WHAT THIS TASK INVOLVES -> Every line below from the one with "Used Hima Luxeed S7 2025 785 km Ultra" through the one with "pela Ferrari poderia" should be retyped exactly, both ends included; no other lines and no pictures.

*** Opening of SOURCE MATERIAL ***

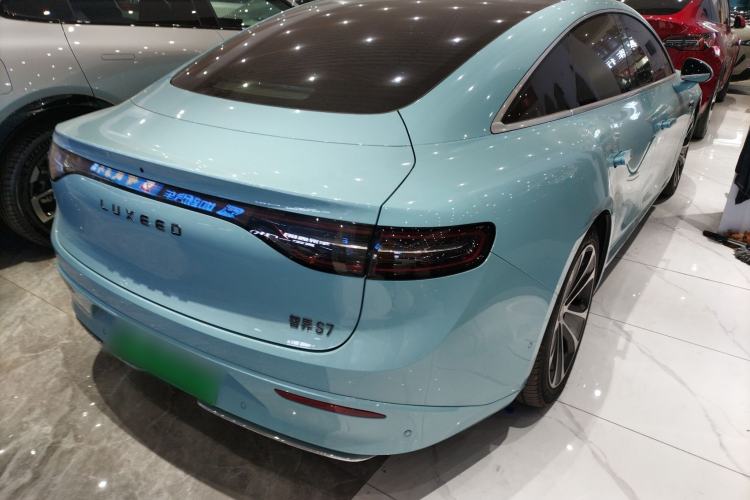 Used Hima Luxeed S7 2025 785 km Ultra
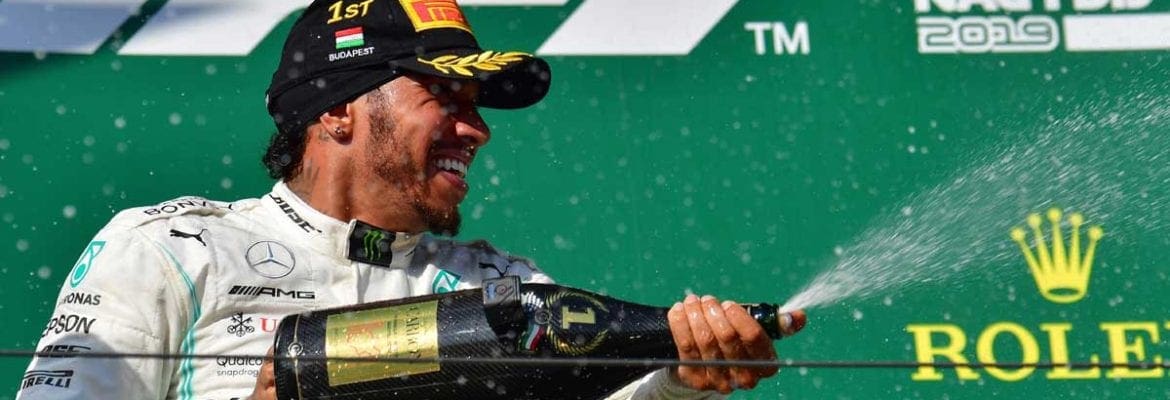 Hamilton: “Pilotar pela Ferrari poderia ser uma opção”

*** Close of SOURCE MATERIAL ***
*** Opening of SOURCE MATERIAL ***

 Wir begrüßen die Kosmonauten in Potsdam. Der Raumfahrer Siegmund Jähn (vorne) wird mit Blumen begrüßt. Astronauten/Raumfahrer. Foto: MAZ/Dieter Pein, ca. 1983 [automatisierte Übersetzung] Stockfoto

*** Close of SOURCE MATERIAL ***

ANSWER TO THIS EXERCISE ->
 Used Hima Luxeed S7 2025 785 km Ultra
 Hamilton: “Pilotar pela Ferrari poderia ser uma opção”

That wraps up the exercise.